We all agreed that Facebook and Instagram have enough power as platforms to stop this kind of hate, but they don’t take any action. Instead, they allow Alexis’ account — an informative, positive, much-needed online space — to become a hotbed for hate speech and bullying. It's a stark contrast in comparison to her TikTok comments on the exact same videos, which are overwhelmingly positive. Based on her own observation and research, she believes that Instagram’s model takes advantage of heated conflict between users in order to increase engagement. To make things worse, she has kept this topic, one she feels very strongly about, to herself. She has been trying to walk the fine line between calling attention to Facebook’s skewed algorithm, and avoiding giving into the hate itself. “This is highkey a therapeutic moment right now because I’ve not ranted about this as much as I would like to on the internet. I’m trying not to be controversial.”

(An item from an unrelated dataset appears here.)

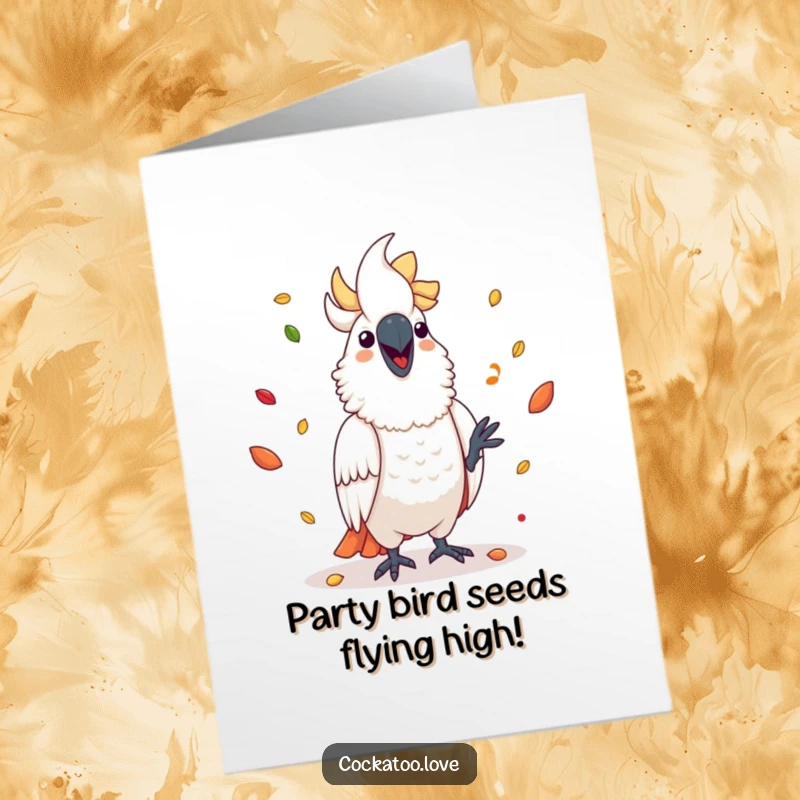 Funny Free Printable Birthday Card: Cheerful cockatoo expertly juggling a rainbow of colorful seeds, spreading laughter and birthday cheer.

Although Alexis may have a lot to say about the state of our country and her STEM-related endeavors, her interests go far beyond those bounds. In addition to her activism and coding feats, she also displays a jaw-dropping sense of fashion, a flair for design, and perhaps most notably underrated, a gift for writing. Scrolling through Alexis’ Medium page, you will find poems, drawings, pictures, and short writings about a variety of topics. Our personal favorite is a (currently) two-part series titled “The Short List of Things I’m in Love With,” an expansion of a list she wrote while sitting in her kitchen. Posted as PDF scans of handwritten lists in script, she based her first list on how much certain things made her cry. It might seem odd at first, but she doesn’t mean cry out of sadness. “The reason I cry when I love things is just because they fill me up with so much emotion that I can't hold it in. “I'm a big crier,” she admits “so I thought, okay, what is everything that has made me cry?” She took these thoughts and compiled them into list that we're now in love with. Out of those many things that made the cut, Beethoven stands out. As a child, her mom would play his music around the house in hopes that it would make her kids smarter. She also played piano for a long time, so classical music has always held a special place in her heart. For most of her summers in elementary school, three PBS movies were on constant rotation: one about Einstein, another about Galileo, and lastly Beethoven.

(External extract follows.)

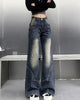 Autumn Women High Waist Straight Denim Pants Korean Aesthetic Slim Wide Leg Jeans Woman Vintage 2000S Washed Denim Trousers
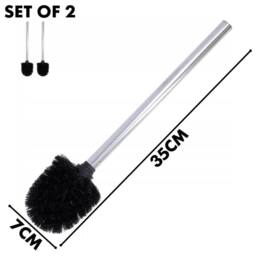 NESTLUNE 2x Toilet Brush Stainless Steel Bathroom Cleaning in Silver - thumbnail 2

“I think that in the best parts of my childhood, I can remember watching these movies, so when I'm thinking back, all the rosy parts sound like Beethoven.”
Alexis' List of Favorite Things
To many, including us, Alexis Williams is someone to look up to. In just a few years, she has accomplished so much in so many different spaces. However, at the end of the day, she is still a regular 19-year old going to college just like us. School makes her tired, and politics exhaust her. She’s a Billie Eilish stan and desperately needs to get to work on manifesting some goals as soon as winter break starts. Keeping a minimal routine is what has kept her sane during the pandemic, and all she really wants to do in the future is live on a cool Italian vineyard where she can read, code, and chill: “Yeah, I need to be chill for the rest of my life I think.” Us too, Alexis. Although the titles put upon her — activist, influencer, homies with Karlie Kloss— may put her on a pedestal to the rest of us, they aren’t ones she particularly identifies with. “I'm so much more than the things that make me different.” And she is. Although her extraordinary list of accomplishments may have you tempted to believe that she really is a “robot @ nyu,” beyond the accolades and the thousands of followers, she's still a student, friend, and simply Alexis, the regular human girl.